Trump “cada vez mais louco”: como um processo contra a Fox News mostra a diferença entre o que se passava à frente e atrás das câmaras
Spencer Platt
Canal televisivo deu palco a Donald Trump para questionar a legitimidade dos resultados das eleições de 2020, enquanto nos bastidores muitos duvidavam das alegações e ridicularizavam o antigo Presidente dos Estados Unidos
O processo de difamação da Dominion Voting Systems – empresa que produz máquinas de votação eletrónica – contra a Fox News abriu caminho para a descoberta do funcionamento interno da estação televisiva nos dias que se seguiram às eleições presidenciais de 2020, nos Estados Unidos – e pode concluir-se que o ambiente não era, no mínimo, agradável.
A empresa considera que a Fox News transmitiu falsas alegações de que os seus dispositivos ajudaram Joe Biden e o Partido Democrata a “roubar” as eleições a Donald Trump. Para defender o caso, chamou dezenas de jornalistas e executivos do canal para testemunhar, além do recurso a milhares de mensagens e e-mails, agora divulgados pela BBC.
É assim que se revela a “luta” nos bastidores perante a tentativa de Donald Trump de inverter os resultados eleitorais. Em programas de opinião noturnos apresentados por figuras como Tucker Carlson, Sean Hannity ou Laura Ingraham, a cobertura ao antigo Presidente dos Estados Unidos foi amplamente positiva.
Mas, após a derrota em 2020, tudo começou a mudar. Num e-mail, o presidente da Fox Corporation, Rupert Murdoch, escreveu que Trump e o seu advogado, Rudy Giuliani, estavam a ficar “cada vez mais loucos”. Já Carlson admitiu odiar Trump “apaixonadamente”, além de classificar a presidência como desastrosa e destacar que todas as suas empresas fracassaram.

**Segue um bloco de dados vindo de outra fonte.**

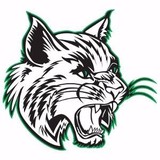 Thayer Senior High School - Other in Thayer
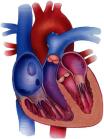 coeur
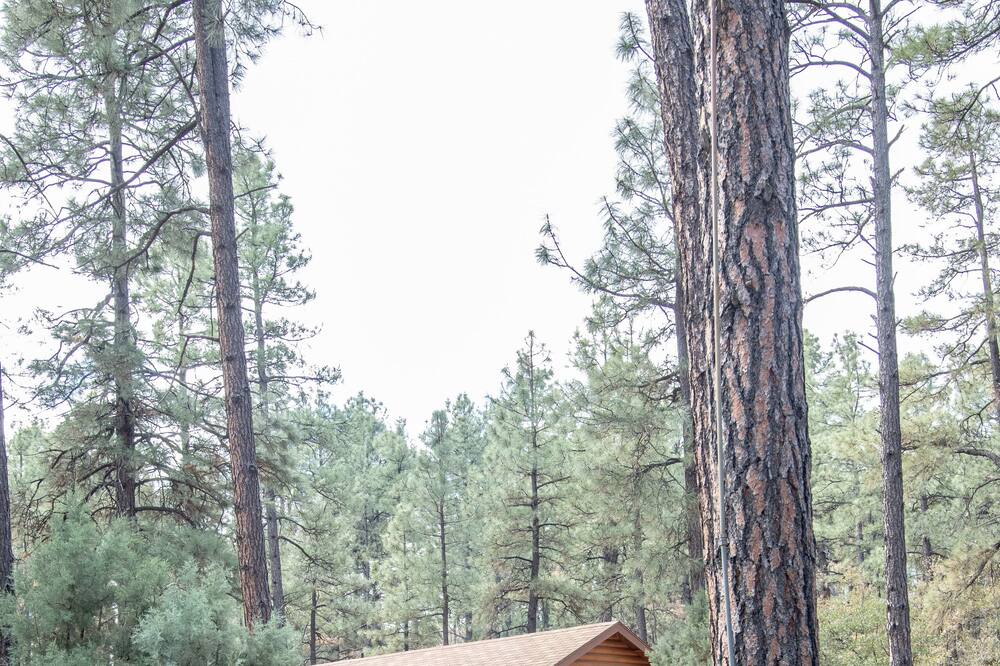 Photo of Others in Highland Pines
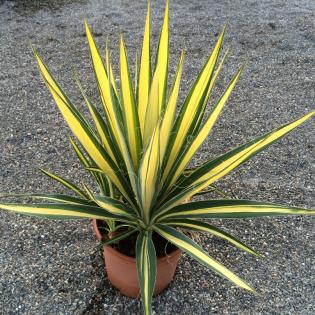 Agave winterhart, Yucca winterhart, Palme winterhart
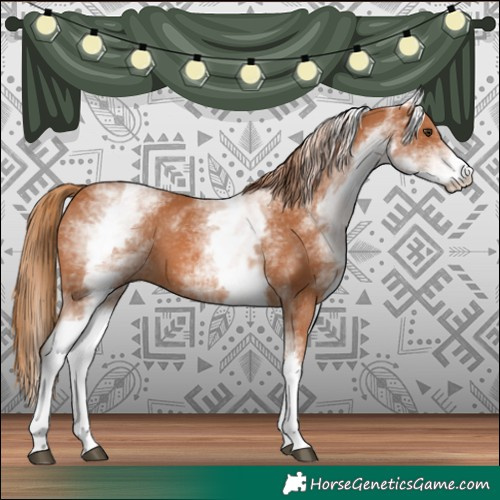 Horse Color:White Spotted Chestnut 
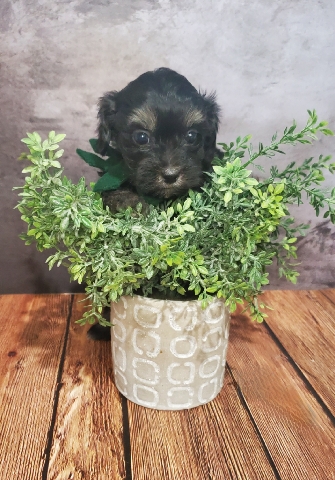 Poodle – maltipoo babies!!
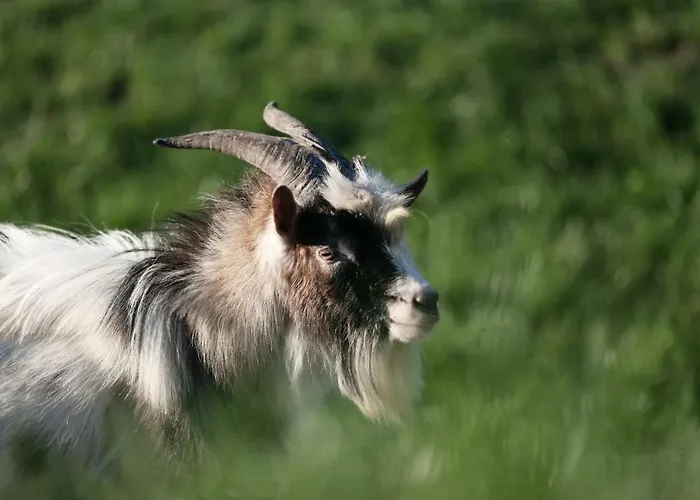 Bauernhof Kowalowe Wzgorze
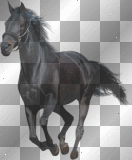 soave horse black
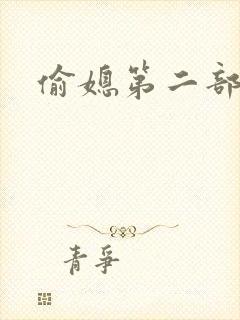 偷媳第二部雨婷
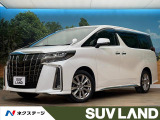 4WD 純正9インチナビ フリップダウンモニター ブラインドスポットモニ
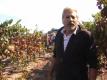 Ceja Vineyards Harvest 2009: A Day's Labor Video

Enquanto os apresentadores da Fox News davam a Trump e aos respetivos apoiantes uma plataforma para questionar a legitimidade dos resultados das eleições, nos bastidores muitos negavam a validade das alegações e lamentavam a forma como a estação cobria o tema.
O próprio Murdoch disse ao editor do “New York Post”, Col Allan, que metade daquilo que Trump dizia era prejudicial e não era verdade. “Parece-me uma loucura”, escreveu Carlson numa mensagem para os restantes apresentadores do período noturno, a propósito da alegação de que as máquinas de votação da Dominion “roubaram” a eleição.
A rede televisiva está a recorrer a uma decisão do Supremo Tribunal, com cerca de 60 anos
Conforme o esforço de Trump para contestar a derrota eleitoral se foi prolongando, os executivos da Fox News perceberam que as afirmações arriscavam trazer uma reação negativa por parte dos telespetadores. “Não podemos fazer as pessoas pensar que nos virámos contra Trump”, escrevia um produtor da equipa de Carlson numa mensagem para outro colega.
Surgia, entretanto, o receio de o público optar por outros canais de notícias conotados com a direita, como o Newsmax. Carlson disse mesmo que o canal estava a “brincar com o fogo”, numa alternativa que poderia ser “devastadora”. De acordo com a ação judicial da Dominion, foi a motivação financeira a levar à decisão de continuar a transmitir o negacionismo eleitoral que a estação sabia ser falso.
A empresa terá de provar que a Fox News sabia que as alegações eleitorais eram falsas e que causavam danos significativos à sua reputação e interesses comerciais. Após os registos reunidos terem sido divulgados, o canal emitiu um comunicado em que diz que os advogados da empresa estão a “pintar um quadro impreciso”, através da escolha de citações “sem contexto” e com factos “irrelevantes”.